Nel mio lavoro quotidiano – che si svolge tra flussi di progetto e metriche performative – l’invidia si muove con la discrezione di un archivista stanco. Abita i non detti, gli scambi di sguardi, le pause caffè in cui una promozione si commenta con un sorso troppo lungo. È una presenza democratica, seppur maleducata.

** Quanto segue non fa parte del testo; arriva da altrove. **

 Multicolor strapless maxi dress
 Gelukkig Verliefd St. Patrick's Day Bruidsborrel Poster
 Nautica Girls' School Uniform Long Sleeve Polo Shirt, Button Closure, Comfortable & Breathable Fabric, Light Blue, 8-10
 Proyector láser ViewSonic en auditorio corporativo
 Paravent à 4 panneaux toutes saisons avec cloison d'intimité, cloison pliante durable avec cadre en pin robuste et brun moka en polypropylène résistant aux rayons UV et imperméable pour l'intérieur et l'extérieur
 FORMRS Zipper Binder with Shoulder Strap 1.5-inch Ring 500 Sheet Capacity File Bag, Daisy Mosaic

L’invidia, come il dolore, può generare metamorfosi

Eppure, ogni emozione ha un doppio fondo. L’invidia, come il dolore, può generare metamorfosi. In un caso che ancora mi accompagna, un collega – brillante, costantemente trascurato – aveva sviluppato un’ironia tagliente come unica forma di sopravvivenza. Nessuno lo notava. Fino a quando, durante una riunione silenziosa, si alzò e disse una frase definitiva: “Mi avete visto fare il mio lavoro, ma non mi avete mai guardato farlo.” Era lì da sempre: serviva solo un altro sguardo.

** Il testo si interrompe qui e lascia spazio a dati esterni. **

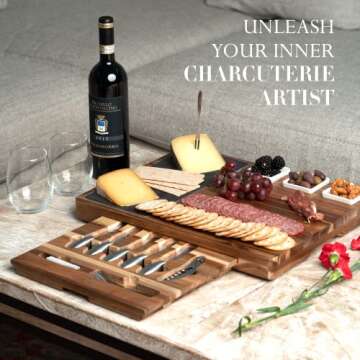 Savvy Comfort | Premium Luxury Cheese Board Set - Charcuterie Board Set and Cheese Platter Set | Acacia Meat and Cheese Board with Stainless Steel Cutlery Set, Cheese and Meat Server for Parties and Entertaining
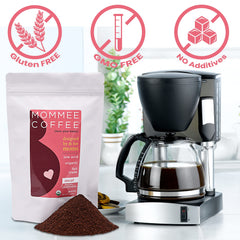 Mommee Coffee morning drip brew; ideal for hot or iced coffee.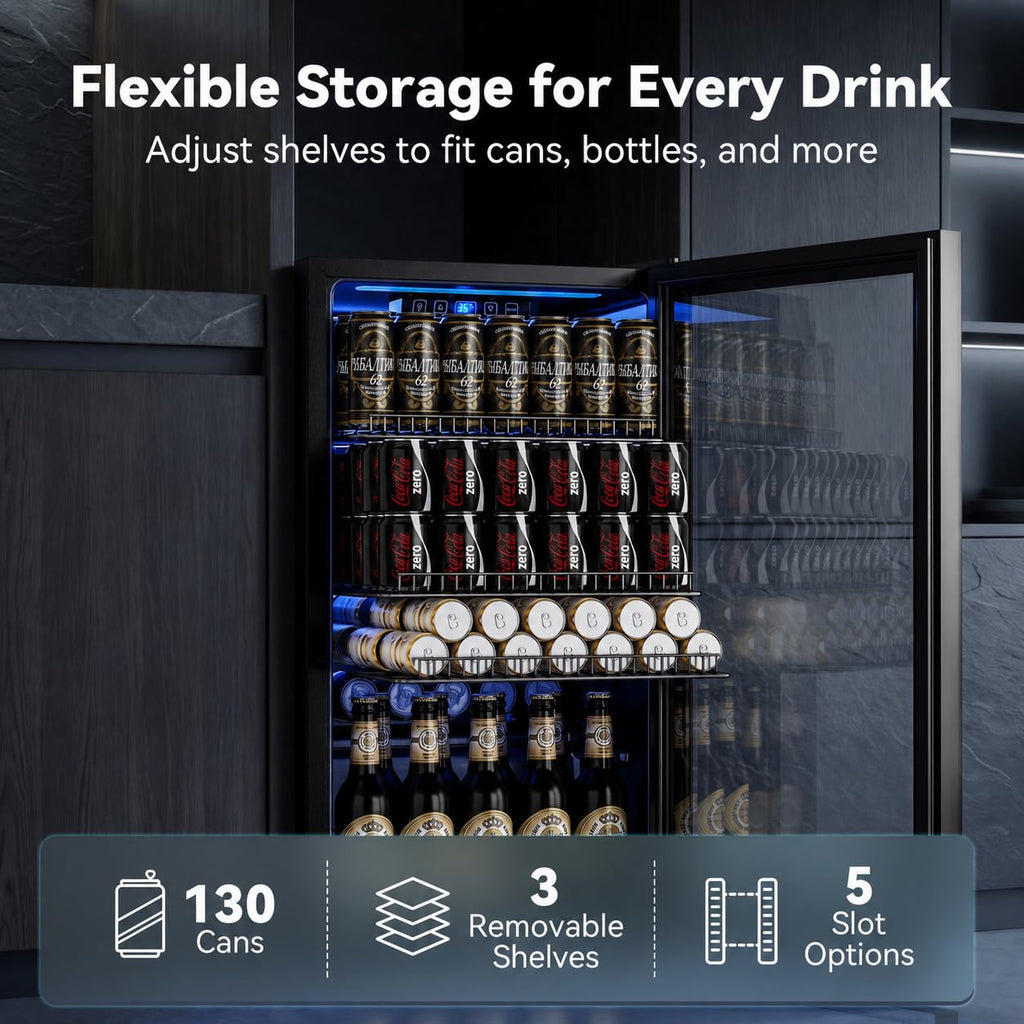 Beverage Refrigerator, 2.47 Cu.Ft Mini Fridge Beverage Cooler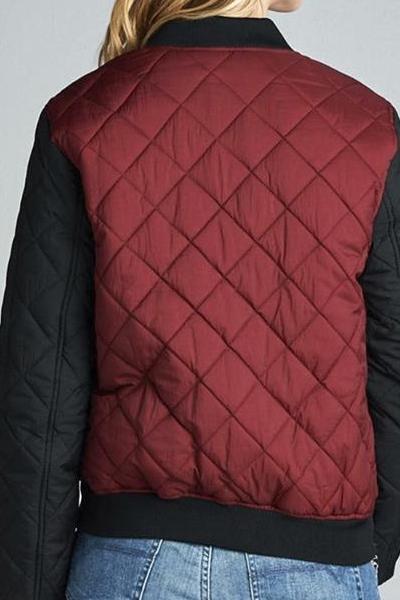 Two Tone Quilted Bomber Jacket (Burgundy)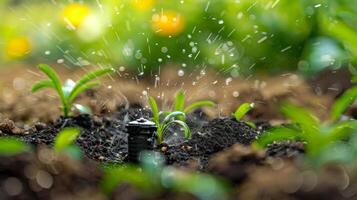 A macro shot of a smart sprinkler sensor which measures moisture levels in the ground and adjusts watering accordingly. The sensor is embedded in the ground and has small delicate probe photo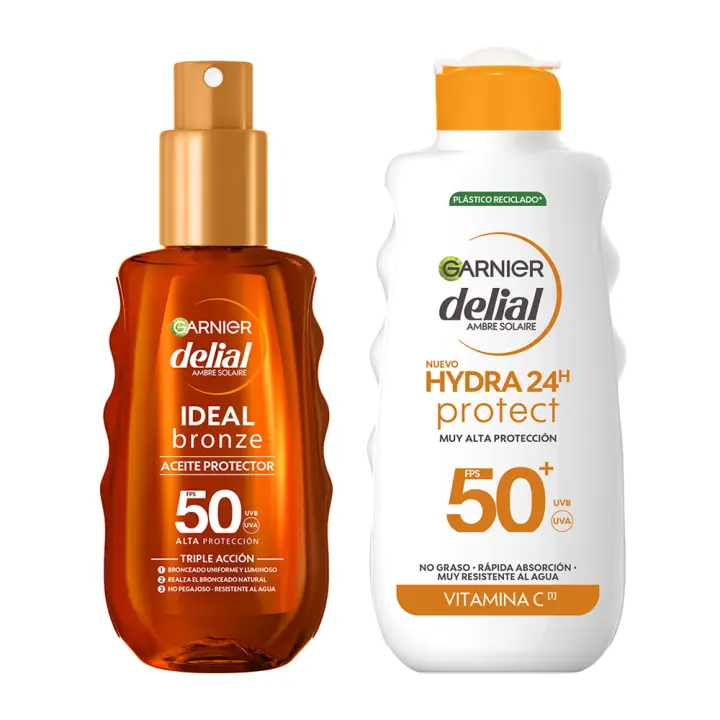 GARNIER | Delial Pack de Aceite Protector IDEAL Bronze FPS 50 para un bronceado uniforme y luminoso + Hydra 24H Protect Leche de Alta Protección FPS50 - 150+175ml - 1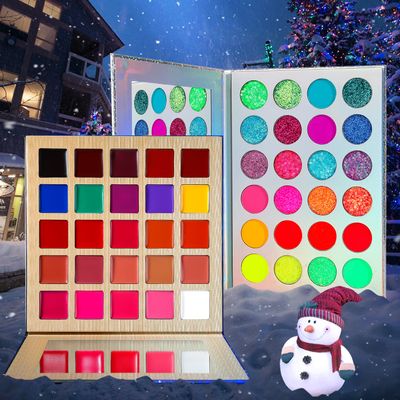 DE'LANCI Neon Eyeshadow Palette 24 Color + Lipstick Pallet 25 Color UV Blacklight Matte and Glitter Shade, Colorful Makeup Set for Christmas Halloween Cosplay Face Body Eyes Makeup Ket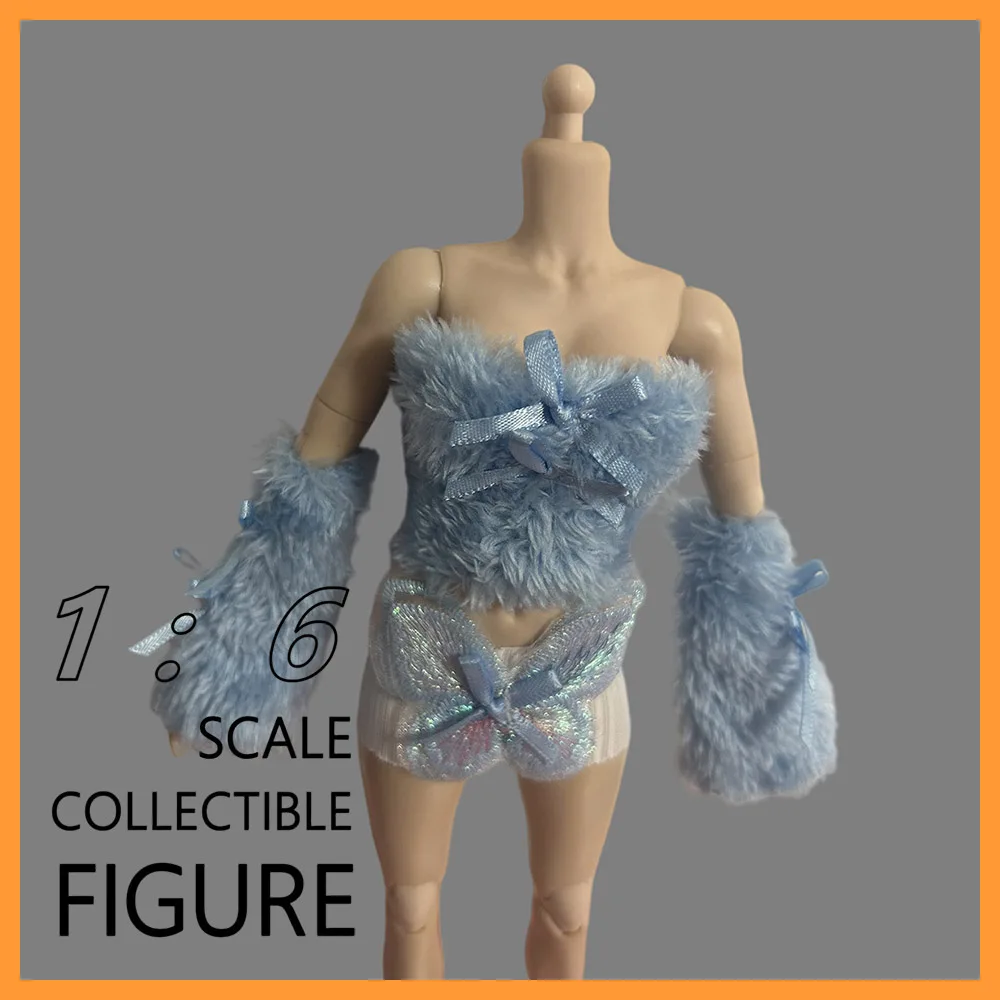 

Женский сексуальный меховой топ и рукава в масштабе 1/6, мини-юбки-бабочки, комплект одежды для 12-дюймовой экшн-фигурки, модель тела, игрушки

C’è una saggezza che si apprende solo nel momento in cui si fallisce. E c’è una forma di lucidità che nasce dal sentirsi esclusi. L’invidia, a ben vedere, è un invito segreto a riformulare il nostro rapporto con il merito, con l’attenzione, con la visibilità. E forse anche con il nostro io ideale: quello che ci accompagna come un’ombra goffa, a volte più pesante di noi stessi.

Emozioni come questa non si domano. Non si vincono. Ma si osservano. Si dispongono in uno spazio mentale dove la filosofia – quella antica, quella che ha a che fare con la pratica del vivere – può farci da guida. Marco Aurelio, nelle sue Meditazioni, ci ammoniva con disarmante chiarezza: “Non sono gli eventi a turbarci, ma il nostro giudizio su di essi.” Ma questa affermazione, che pare semplice, è in realtà una trappola. Ci costringe a chiederci: se la mia percezione mi inganna, chi sono io? Se il male che sento non è reale, ma un errore di prospettiva, quale realtà sto rifiutando?

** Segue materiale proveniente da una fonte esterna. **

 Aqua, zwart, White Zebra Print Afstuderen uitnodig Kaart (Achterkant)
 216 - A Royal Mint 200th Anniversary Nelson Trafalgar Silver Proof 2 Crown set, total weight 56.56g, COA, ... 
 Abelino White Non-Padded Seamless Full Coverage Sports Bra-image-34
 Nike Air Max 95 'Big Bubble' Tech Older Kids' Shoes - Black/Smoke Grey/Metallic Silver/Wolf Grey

Non sono gli eventi a turbarci, ma il nostro giudizio su di essi.

È a questo punto che qualcosa si apre. Ogni certezza si incrina. Ed è proprio da quella incrinatura che può nascere una forma di resilienza. Non come ritorno alla normalità, ma come attraversamento del dolore. La resilienza non è forza, è rielaborazione. È dire a se stessi: “Non sono ciò che è accaduto, ma ciò che scelgo di diventare ora.” Daniel Goleman, nel suo Intelligenza emotiva, ha mostrato che non si tratta di reprimere le emozioni, ma di imparare a leggerle, a trasformarle in conoscenza di sé e degli altri. È una forma di igiene mentale, una pratica interiore che si coltiva nel quotidiano, tra una riunione e un silenzio.

Chi scrive, chi lavora, chi respira in mezzo ad altri esseri umani sa che la realtà è fatta anche di piccoli urti, di parole non dette, di gesti ambigui. E sa che la scrittura può diventare un modo per attraversare questi attriti, senza farsene corrompere. Giorgio Manganelli – in La letteratura come menzogna – ci ricorda che lo scrivere è artificio, è maschera che rivela più della faccia nuda. La prosa diventa allora lo spazio dove l’invidia può essere accolta senza essere celebrata, osservata senza essere negata.

Non si tratta, in fondo, di migliorarsi. Ma di comprendere. Di accorgersi che ogni emozione è, nel suo nucleo più oscuro, un indizio di umanità. Ed è proprio lì, nel punto in cui ci sentiamo meno nobili, che può annidarsi l’origine del nostro pensiero più lucido. Una forma di pietà verso noi stessi. Un gesto di silenziosa resistenza.